「Galaxy S6 Edge」は中身も“世界初”のオンパレード:バラして見ずにはいられない(3/3 ページ)
世界初のデュアルエッジスクリーンを搭載したSamsungのフラッグシップモデル「Galaxy S6 Edge」。分解・調査の結果、中身も世界初の部品が多数採用されていた。
日本ノ技術ハ健在ナリ
スマホが通信機器である以上、通信関連の部品はどんなに目立たなくてもスマホの影の主役と言えるだろう。Galaxy S6/S6 Edgeの通信部を見ると、村田製作所、TDK(子会社の独Epcos)、太陽誘電の部品がズラリと並んでいる。
通信周波数を切り替えるアンテナスイッチは村田製作所とTDKと米Skyworks Solutions製だ。特定の信号を通過させるSAWフィルタは村田製作所製、アンテナを共有するために使用されるデュプレクサは太陽誘電製で、通信部を構成する主要部品のほとんどが日本メーカー製である。
ただ今回残念であったのは、搭載が予想されていた村田製作所だけが保有するオールインワン通信モジュール(フィルタ・デュプレクサ・パワーアンプ)を確認できなかったことだ。しかしGalaxy S6/S6 Edgeは供給先ごとに10以上のモデルがあるため、今回の調査対象ではたまたま使われていなかったのかもしれない。
光学手ブレ補正機構を備えたカメラユニット。ICが3つ積まれている。左から、イメージセンサーやカメラを制御するプログラムを格納したフラッシュメモリ、手ブレを検知するジャイロ、レンズ駆動を担当するルネサスエレクトロニクス製のOISドライバーだ
カメラ関連では光学手ブレ補正が今回から標準搭載された。手ブレ補正機能とレンズを含むカメラモジュールはSamsung Electro Mechanics(サムスン電機)が担当したと推定される。しかしカメラのフィルムにあたるCMOSイメージセンサーは、ソニーとSamsungの2社で供給している。また光学手ブレ補正を行うドライバーはルネサスエレクトロニクス製が採用されていた。カメラ大国ニッポンの技術はスマホでも健在だ。
これからどうなる?
スマホの進化は限界に達しつつあるのかもしれない。機能面ではほぼ横並びとなり、その機能を支える電子部品もプレイヤーがそろった状態だ。そして電子部品は進歩の次の段階として、統合が始まりつつある。
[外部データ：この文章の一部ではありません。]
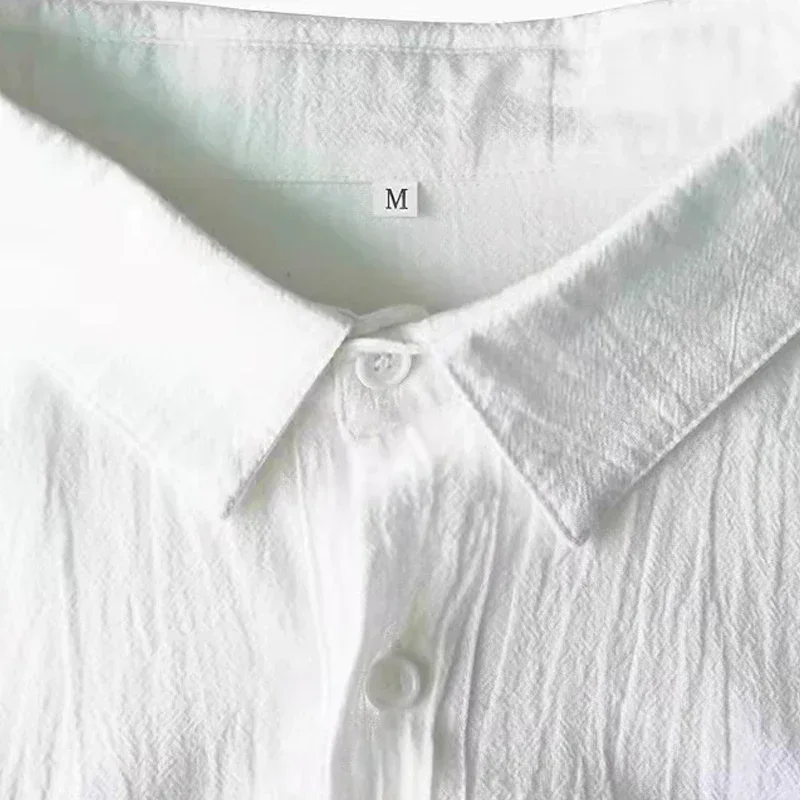 2022 Autumn Solid Men Shirt Baggy Long Sleeve Button Hawaiian 100% Cotton Linen Shirt For Men Blouse Camisa Masculina Streetwear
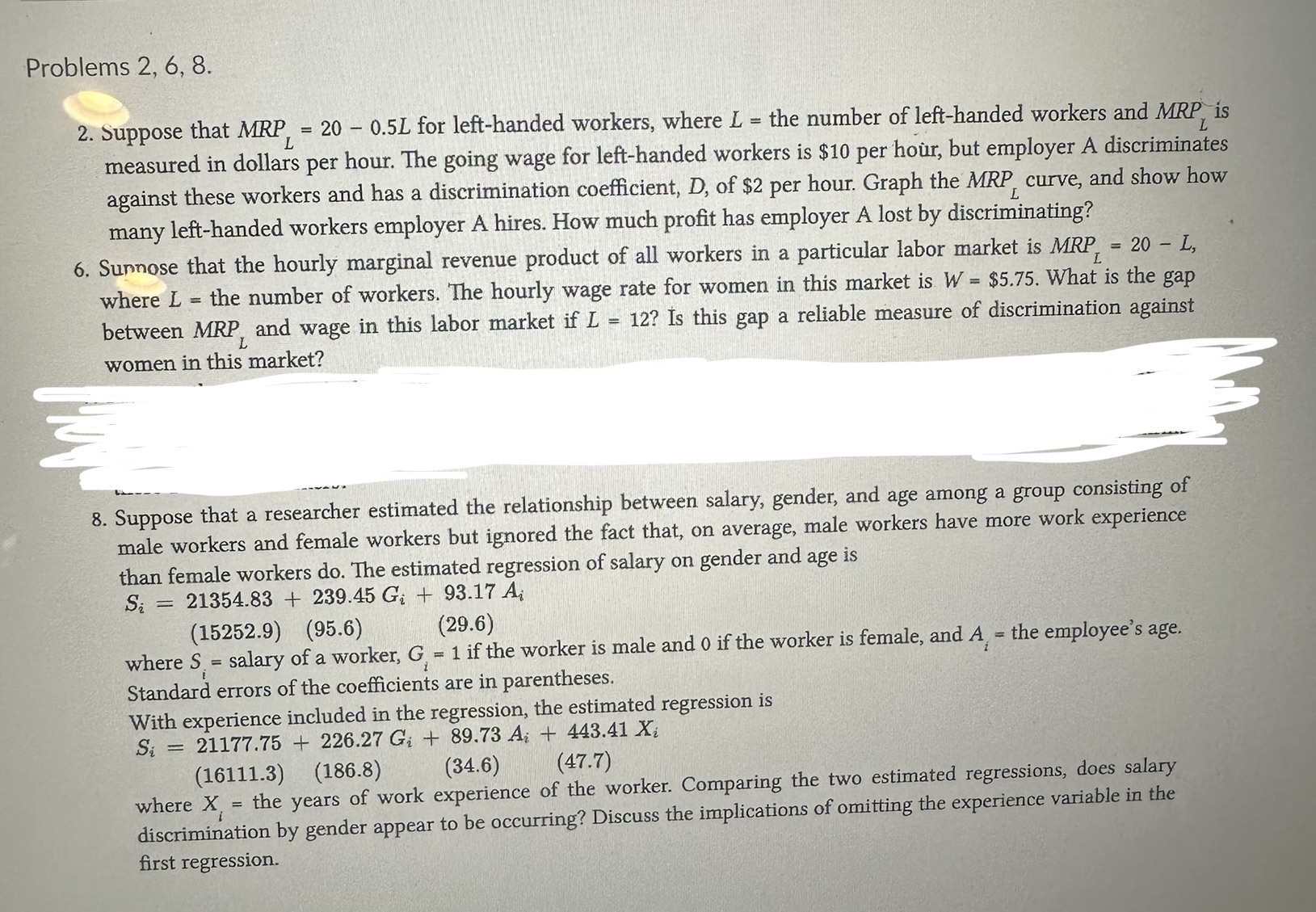 Problems 2, 6, 8. 2. Suppose that MRP, = 20 -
従来は複数個で構成されていた通信部品やセンサーが1個に統合されると、スマホに搭載される電子部品の数は減少に転ずるとみられる。世界中のユーザーにひと通りスマホが行き渡り、今後はスマホ出荷台数の伸びがゆるやかになるという予想もある。電子部品メーカーにとって楽観視できない局面だ。
しかし悪い話だけではない。横並びから一歩踏み出そうと、素材への注目が集まっている。機能や搭載する電子部品で違いを出せないのであれば、例えば外観で特徴を出す手もある。今回のGalaxy S6 edgeのように、曲面ディスプレイというユニークな形状にしたり、筐体の素材を見直すなど、変化の兆候はすでに現れている。
そして筺体に数十ドルという高額な費用を投じることが現実となった今、自動車用の頑丈な部品を製造しているあるメーカーが、自社技術をスマホに生かす方法を真剣に検討し始めたという。世界の主要スマホメーカーも製品の差別化につながる技術を探しており、非常に優秀で競争力がある素材メーカーが多い日本がその舞台になっている。これからは素材に光が当たる時代になるだろう。